Cool. Very cool, and very unexpected.
Just got word from Vox Day that The Stars Came Back has been nominated for a Prometheus Award for this year. It’s the award given by the Libertarian Futurist Society.
Past winners include Sarah Hoyt, Harry Turtledove, L. Neil Smith, Vernor Vinge, Terry Pratchett, Ken MacLeod, Poul Anderson, James P. Hogan, J. Neil Schulman, and many more big names. Even if I come in last place, just being nominated to potentially stand amid such a group of names is quite an honor.
Wow! Awesome!
Congratulations, Rolf!
Congratulations, Rolf!
Sweet! Congrats man! Now where the hell is book two?

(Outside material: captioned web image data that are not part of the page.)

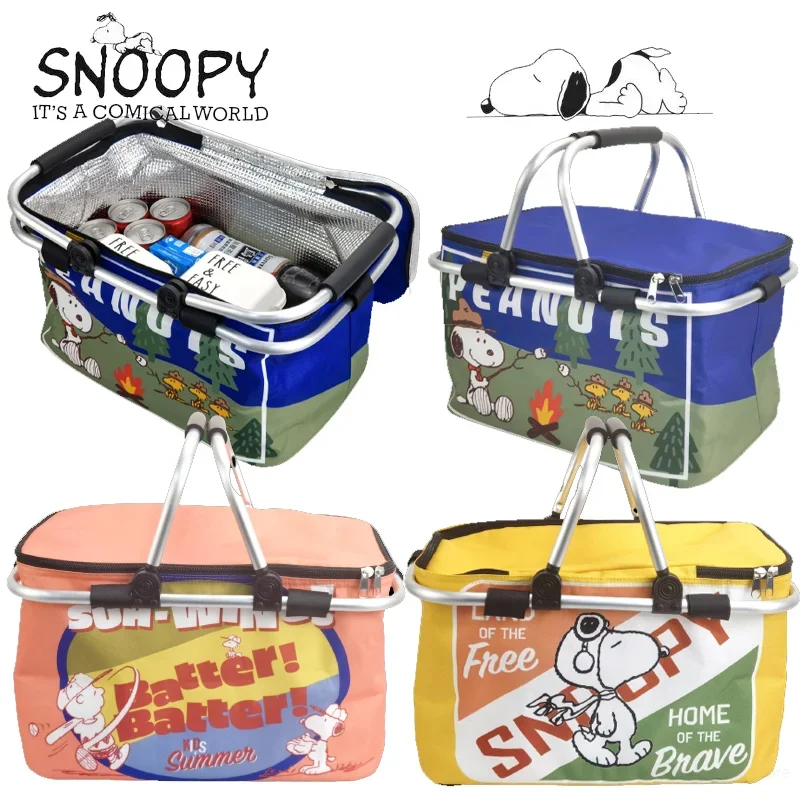 

Snoopy Folding Picnic Camping Lunch Bags Insulated Cooler Bag Cool Hamper Storage Basket Bag Box Outdoor Portable Picnic Basket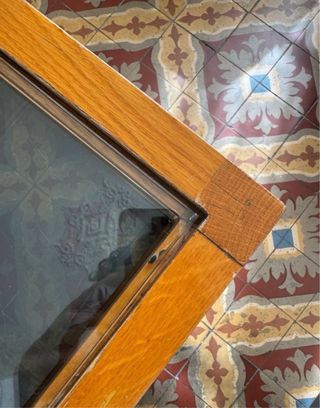 Mesa centro cristal y madera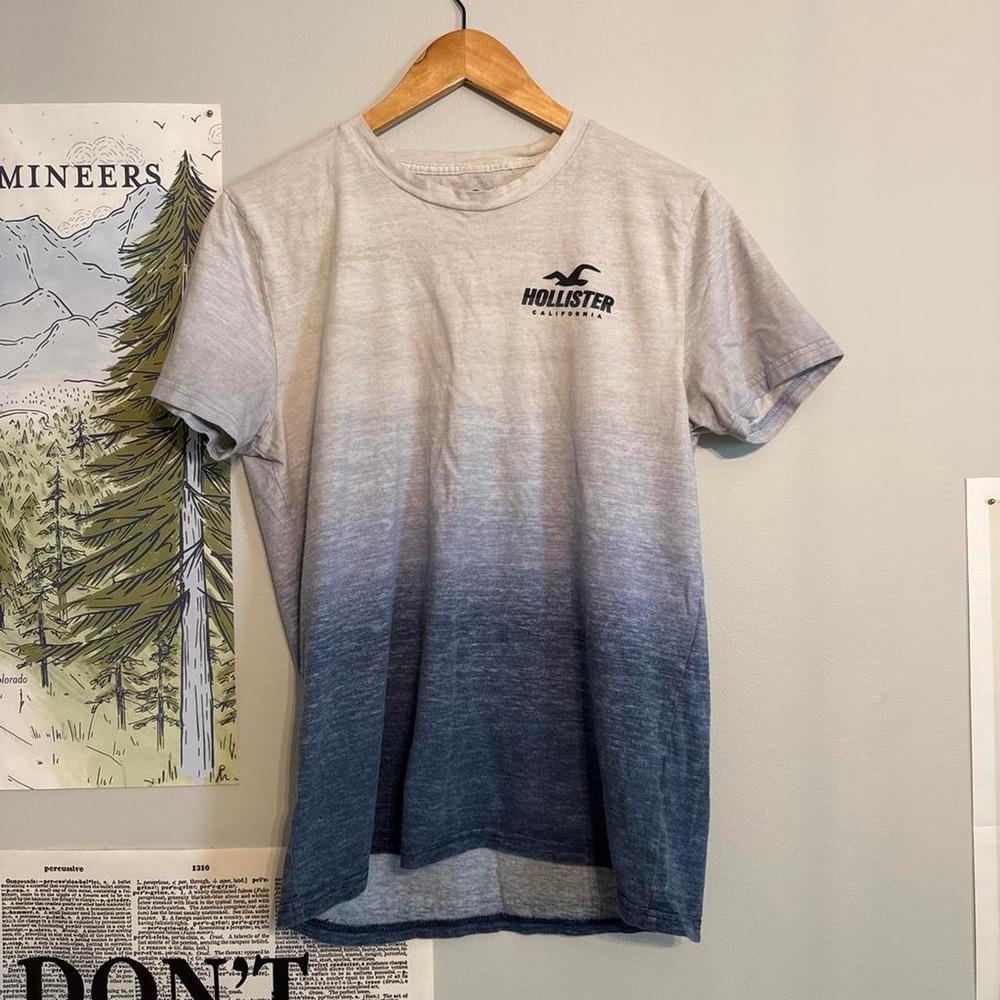 Hollister Ombre Print Logo Graphic T-Shirt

Working on it. Up to nearly 120k words.
I’m sure you’ll be shocked to hear it has puns. And a Nigerian Minister of the Interior :-).
Excellent! Can’t wait!
Puns. Ah, one of the great contributions of the English language to world culture.

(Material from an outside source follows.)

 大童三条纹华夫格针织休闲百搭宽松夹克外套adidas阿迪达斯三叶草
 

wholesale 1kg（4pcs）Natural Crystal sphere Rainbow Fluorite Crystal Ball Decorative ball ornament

(Yes, it seems that puns are very much an English language thing; I don’t remember ever running into them in Dutch. Occasional word games, but not a whole major branch of humor. A possible explanation is that English has so many words, so many synonyms, as a consequence of its ancestry.)
Congratulations!
And yes, puns seem to be an English language phenomenon, dating back to at least the Elizabethans. I’ve punned to Austrians and Germans, and while they think they are kind of funny, I don’t think they really get the joke.
I can confirm that, since I’m not a native speaker of English. It took me a year or two after I moved here and started speaking English full time that I began to understand (and occasionally successfully inflict) puns.
Awesome. Congratulations!
Congratulations.
Fantastic! Congrats, Rolf.
What’s happening with the prose version of The Stars Came Back?
Good question. Should be done by now. Time to poke the editor again, see what’s up.
Congratulations! That just makes me smile, truly.